Despite this, Camden managed to continue to grow its brand equity metrics of awareness, consideration and trial amid lockdown, thanks to shrewd marketing that drove people back to its online store and encouraged them to enjoy the product at home.
This included rebranding its Camden Hells lager to Camden Heroes to support NHS workers, with the proceeds of every can donated to healthcare charities and NHS staff about to order a free six-pack of the beer. It also held a five-day public auction to raise funds for the shattered hospitality industry which cumulated in a headline-grabbing high-bidder paying £800 to have a freshly-poured glass of draught delivered to his doorstep.
This earned media drove shoppers to Camden’s web shop, which the marketing team then started to see “in a very different way”.
“We only launched e-commerce in December last year and the numbers were OK, but amid lockdown, the volume of sales coming from their grew by 1000%,” explains Amaral.
Camden then pumped more spend into the offering, creating new products and mixed packs to be sold exclusively there. Though pubs, bars and eateries are reopening in the UK, DTC will continue to be a major focus for the business moving forward.

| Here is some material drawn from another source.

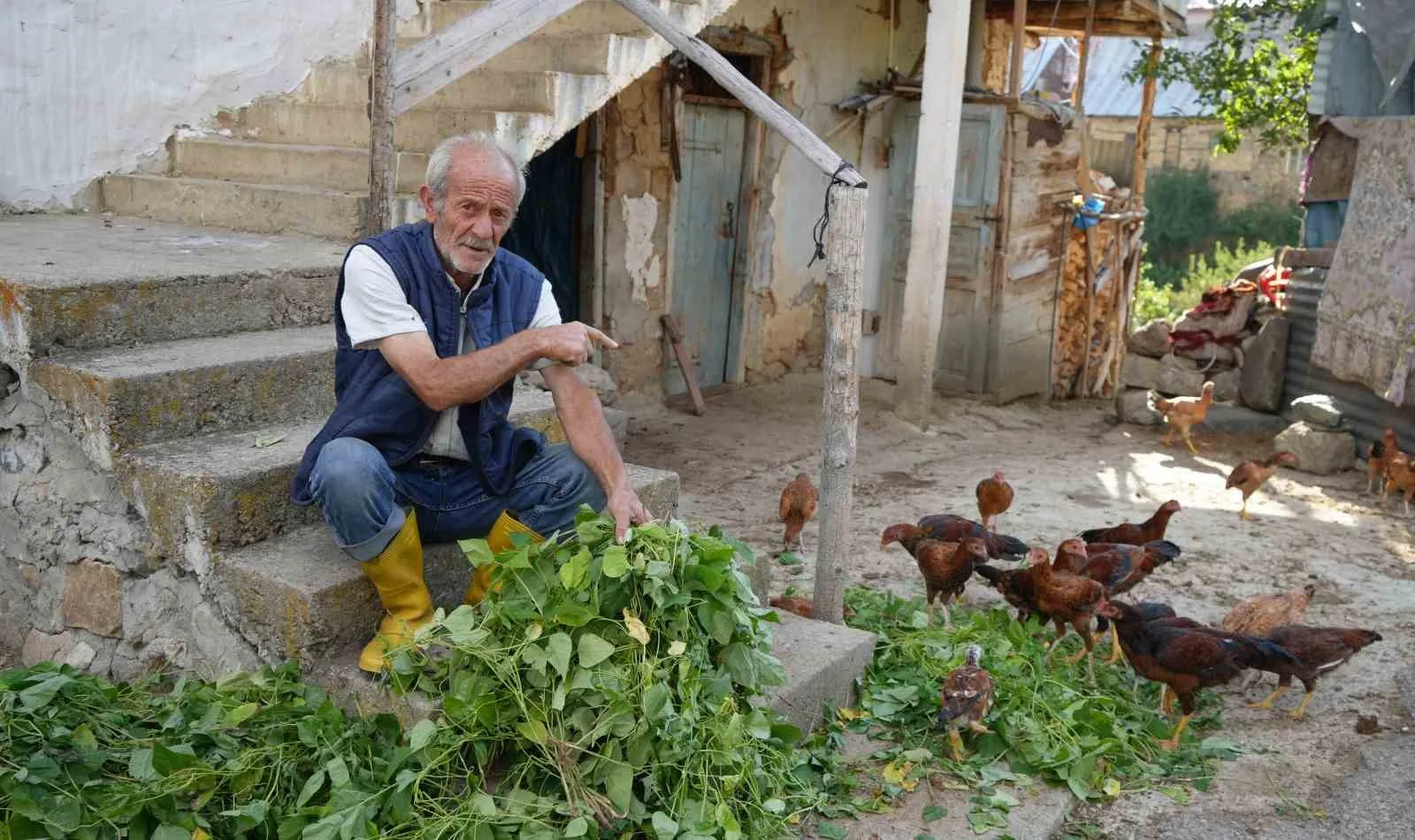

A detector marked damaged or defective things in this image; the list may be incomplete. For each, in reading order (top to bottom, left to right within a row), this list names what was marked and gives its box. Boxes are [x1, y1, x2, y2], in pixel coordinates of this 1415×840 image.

With warnings ringing through from the World Health Organisation (WHO) that European countries should brace themselves for the second wave of coronavirus in winter, Camden Town’s marketing team is certainly not getting comfortable.
“The first time around we managed to react very quickly and run five big marketing initiatives that ended up being really successful and weren’t even an idea when Covid-19 struck in March.
“We can move quickly as a business and be very agile. From a marketing point of view we’re ready for any scenario. We’re trying to keep our finger on the pulse of the customer."